**What you need to do**
Lines in the data below that contain the word "avec" are to be copied.

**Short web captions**
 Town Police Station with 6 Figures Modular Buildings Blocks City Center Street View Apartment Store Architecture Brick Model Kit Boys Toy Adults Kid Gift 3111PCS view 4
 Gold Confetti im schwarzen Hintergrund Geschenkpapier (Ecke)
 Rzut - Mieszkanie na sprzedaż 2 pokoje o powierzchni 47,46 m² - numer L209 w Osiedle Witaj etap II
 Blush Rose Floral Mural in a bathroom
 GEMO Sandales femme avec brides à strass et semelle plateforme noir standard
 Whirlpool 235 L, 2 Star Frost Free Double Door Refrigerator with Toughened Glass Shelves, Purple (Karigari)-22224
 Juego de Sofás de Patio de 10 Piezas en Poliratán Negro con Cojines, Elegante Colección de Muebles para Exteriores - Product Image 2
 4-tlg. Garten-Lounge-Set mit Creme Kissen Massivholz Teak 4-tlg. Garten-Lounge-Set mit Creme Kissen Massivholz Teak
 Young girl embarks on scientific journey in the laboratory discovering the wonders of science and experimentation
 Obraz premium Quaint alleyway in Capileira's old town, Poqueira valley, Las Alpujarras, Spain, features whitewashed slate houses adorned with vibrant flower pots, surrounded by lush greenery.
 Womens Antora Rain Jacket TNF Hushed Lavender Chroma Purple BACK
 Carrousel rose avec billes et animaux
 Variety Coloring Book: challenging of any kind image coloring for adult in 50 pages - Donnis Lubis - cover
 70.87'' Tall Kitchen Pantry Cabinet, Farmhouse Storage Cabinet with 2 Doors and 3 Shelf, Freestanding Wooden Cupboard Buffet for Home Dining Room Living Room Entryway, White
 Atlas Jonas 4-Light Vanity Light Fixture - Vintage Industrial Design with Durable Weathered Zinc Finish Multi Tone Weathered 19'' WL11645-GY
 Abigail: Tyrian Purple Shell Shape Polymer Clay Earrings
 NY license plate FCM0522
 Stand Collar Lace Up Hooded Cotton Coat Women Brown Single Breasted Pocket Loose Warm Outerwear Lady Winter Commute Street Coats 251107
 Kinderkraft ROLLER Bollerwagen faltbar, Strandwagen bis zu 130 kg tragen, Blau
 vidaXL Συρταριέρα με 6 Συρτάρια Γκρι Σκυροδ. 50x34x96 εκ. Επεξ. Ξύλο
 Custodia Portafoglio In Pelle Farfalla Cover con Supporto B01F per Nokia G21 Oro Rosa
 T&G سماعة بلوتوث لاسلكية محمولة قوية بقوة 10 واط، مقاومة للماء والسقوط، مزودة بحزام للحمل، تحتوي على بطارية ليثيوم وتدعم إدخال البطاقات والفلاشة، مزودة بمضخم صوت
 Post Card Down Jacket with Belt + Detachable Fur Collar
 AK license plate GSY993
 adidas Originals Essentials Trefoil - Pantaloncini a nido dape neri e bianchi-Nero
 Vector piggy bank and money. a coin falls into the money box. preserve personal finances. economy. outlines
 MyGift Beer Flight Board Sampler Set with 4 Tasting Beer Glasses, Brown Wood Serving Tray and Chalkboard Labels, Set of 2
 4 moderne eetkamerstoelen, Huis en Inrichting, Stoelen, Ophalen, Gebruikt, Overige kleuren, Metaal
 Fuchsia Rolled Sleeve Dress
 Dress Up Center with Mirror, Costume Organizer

**Your response**
 GEMO Sandales femme avec brides à strass et semelle plateforme noir standard
 Carrousel rose avec billes et animaux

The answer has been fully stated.